L’azienda vede attualmente due dipendenti in più dal 2024: «Sono amici d’infanzia che da anni seguono il mio lavoro e che conoscono la mia visione generale. Il mondo del vino ha bisogno di tempo e avere un’identità e un’idea in un medio tempo dà stabilità ed è qualcosa che va sempre a pagare, alla fine. Ci vuole coerenza – prosegue Andrea – ma avere costanza è comodo anche per una gestione oculata delle risorse».

L’azienda affonda, in ogni caso, in radici ben più lontane, grazie ai nonni che possedevano i primi vigneti. Oggi Terre del Faet si estende su circa sette ettari nelle zone di Faet, Pradis, Quarin e Bosc di Sot, con una piccola porzione nella Doc Isonzo. È un mosaico di suoli e microclimi che restituisce vini di grande identità, figli di una filosofia semplice e coerente: rispettare la terra, curare la vite, intervenire il meno possibile. Il risultato sono vini che raccontano la complessità del Collio senza artifici. Il Friulano, la Malvasia, la Ribolla Gialla o il Pinot Bianco mentre non manca anche il Merlot, “Rosso del Faet”, dalle note di ciliegia e piccoli frutti rossi.

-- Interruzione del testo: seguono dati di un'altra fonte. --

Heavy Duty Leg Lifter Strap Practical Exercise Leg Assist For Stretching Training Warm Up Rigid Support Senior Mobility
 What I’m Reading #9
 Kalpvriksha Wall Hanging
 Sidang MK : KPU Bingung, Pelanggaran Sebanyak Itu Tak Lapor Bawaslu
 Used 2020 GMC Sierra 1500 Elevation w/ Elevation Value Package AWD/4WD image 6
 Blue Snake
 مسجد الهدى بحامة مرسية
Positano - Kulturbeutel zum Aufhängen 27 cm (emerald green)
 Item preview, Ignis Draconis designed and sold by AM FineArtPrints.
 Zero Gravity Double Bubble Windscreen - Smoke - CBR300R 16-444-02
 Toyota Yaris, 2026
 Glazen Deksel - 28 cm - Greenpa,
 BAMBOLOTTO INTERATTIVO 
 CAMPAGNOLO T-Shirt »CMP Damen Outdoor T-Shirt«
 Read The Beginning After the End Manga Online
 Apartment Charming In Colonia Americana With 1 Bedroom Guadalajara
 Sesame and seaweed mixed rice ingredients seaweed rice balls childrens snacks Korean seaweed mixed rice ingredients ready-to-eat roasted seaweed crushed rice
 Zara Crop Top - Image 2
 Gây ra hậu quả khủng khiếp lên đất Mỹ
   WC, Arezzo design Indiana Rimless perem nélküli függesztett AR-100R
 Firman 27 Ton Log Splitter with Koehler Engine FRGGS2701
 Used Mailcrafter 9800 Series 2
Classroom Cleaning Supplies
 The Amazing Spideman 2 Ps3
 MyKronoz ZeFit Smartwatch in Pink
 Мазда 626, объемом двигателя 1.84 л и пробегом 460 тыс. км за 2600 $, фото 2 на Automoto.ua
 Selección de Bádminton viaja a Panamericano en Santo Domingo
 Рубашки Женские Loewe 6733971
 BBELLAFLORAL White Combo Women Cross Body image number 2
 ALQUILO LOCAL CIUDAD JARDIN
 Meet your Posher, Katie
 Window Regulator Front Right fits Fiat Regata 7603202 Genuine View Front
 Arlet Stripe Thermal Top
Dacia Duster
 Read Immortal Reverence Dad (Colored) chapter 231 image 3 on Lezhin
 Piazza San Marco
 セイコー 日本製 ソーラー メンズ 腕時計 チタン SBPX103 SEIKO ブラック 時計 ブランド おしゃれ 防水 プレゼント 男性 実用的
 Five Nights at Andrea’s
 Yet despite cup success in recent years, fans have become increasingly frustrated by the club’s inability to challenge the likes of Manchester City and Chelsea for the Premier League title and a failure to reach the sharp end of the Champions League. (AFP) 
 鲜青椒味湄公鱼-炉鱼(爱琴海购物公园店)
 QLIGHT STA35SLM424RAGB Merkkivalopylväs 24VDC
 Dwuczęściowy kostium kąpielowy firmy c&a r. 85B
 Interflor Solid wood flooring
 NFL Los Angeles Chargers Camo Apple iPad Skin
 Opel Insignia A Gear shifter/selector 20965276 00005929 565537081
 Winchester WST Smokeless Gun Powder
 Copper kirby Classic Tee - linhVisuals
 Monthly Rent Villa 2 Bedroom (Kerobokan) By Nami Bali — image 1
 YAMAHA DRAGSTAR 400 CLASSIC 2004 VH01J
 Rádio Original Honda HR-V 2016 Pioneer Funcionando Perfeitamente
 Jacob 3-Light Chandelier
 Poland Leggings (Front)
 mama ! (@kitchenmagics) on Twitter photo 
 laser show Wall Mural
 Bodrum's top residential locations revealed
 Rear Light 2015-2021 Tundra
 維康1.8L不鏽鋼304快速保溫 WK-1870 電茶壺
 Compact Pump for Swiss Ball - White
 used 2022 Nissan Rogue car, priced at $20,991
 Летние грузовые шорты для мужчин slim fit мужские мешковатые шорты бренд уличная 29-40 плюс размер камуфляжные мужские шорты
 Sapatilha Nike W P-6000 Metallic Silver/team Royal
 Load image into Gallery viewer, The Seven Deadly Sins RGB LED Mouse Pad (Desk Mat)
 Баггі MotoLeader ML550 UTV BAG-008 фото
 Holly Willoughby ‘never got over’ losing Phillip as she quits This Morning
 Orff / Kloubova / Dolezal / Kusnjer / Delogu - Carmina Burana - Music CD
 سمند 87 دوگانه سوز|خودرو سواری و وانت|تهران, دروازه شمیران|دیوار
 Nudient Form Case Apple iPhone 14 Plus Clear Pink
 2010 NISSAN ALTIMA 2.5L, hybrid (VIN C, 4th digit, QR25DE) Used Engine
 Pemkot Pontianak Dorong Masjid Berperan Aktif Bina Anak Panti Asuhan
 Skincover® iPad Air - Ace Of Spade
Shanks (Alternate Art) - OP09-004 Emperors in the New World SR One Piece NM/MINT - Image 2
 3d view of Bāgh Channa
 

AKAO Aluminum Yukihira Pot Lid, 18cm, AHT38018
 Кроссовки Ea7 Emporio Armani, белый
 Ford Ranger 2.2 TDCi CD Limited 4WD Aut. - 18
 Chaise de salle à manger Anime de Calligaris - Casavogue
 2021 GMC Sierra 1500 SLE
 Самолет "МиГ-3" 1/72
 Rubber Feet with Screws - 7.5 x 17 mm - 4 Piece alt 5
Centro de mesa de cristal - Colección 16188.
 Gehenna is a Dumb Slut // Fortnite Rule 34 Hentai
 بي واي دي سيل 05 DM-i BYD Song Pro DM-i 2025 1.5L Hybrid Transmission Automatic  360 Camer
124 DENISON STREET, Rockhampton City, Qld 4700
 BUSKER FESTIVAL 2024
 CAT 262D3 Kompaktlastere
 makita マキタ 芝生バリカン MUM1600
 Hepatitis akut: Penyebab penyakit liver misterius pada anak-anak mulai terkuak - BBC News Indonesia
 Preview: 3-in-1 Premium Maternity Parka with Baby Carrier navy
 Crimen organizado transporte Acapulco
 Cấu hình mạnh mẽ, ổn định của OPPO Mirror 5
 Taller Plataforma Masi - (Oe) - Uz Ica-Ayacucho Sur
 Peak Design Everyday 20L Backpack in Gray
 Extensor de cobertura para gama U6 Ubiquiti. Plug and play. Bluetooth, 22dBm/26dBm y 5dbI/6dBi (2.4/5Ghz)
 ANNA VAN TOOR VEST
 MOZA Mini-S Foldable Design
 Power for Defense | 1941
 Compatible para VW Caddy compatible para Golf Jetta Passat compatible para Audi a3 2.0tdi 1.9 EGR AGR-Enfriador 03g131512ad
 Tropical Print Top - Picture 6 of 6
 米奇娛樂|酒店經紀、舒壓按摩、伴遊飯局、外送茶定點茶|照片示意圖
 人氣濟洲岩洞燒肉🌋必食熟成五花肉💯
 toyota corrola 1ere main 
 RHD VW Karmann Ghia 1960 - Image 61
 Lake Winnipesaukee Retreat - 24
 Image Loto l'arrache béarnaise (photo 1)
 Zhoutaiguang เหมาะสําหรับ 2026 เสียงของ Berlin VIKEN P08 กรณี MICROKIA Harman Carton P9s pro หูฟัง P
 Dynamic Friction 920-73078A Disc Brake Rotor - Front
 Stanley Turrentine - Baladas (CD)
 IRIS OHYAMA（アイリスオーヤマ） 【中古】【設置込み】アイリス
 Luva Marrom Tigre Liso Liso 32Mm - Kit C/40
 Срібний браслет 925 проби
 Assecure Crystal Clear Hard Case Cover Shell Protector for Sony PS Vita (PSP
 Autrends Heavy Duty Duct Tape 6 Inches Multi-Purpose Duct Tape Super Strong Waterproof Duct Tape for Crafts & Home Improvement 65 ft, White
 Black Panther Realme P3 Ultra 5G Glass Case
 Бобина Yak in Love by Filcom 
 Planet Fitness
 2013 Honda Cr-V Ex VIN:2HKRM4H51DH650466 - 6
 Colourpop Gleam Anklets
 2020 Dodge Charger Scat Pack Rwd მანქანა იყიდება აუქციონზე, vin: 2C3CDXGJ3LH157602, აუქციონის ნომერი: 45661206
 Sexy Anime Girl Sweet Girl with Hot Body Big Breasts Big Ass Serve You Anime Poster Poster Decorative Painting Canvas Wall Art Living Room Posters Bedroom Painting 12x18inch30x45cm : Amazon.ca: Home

Bere un vino di Terre del Faet significa bere una storia. È l’incontro tra la fatica di chi coltiva con le mani e la sensibilità di chi ascolta la terra. In ogni bottiglia c’è un frammento di Collio, il profumo del vento che scende dal Quarin, la memoria di generazioni che hanno fatto del vino una lingua da tramandare.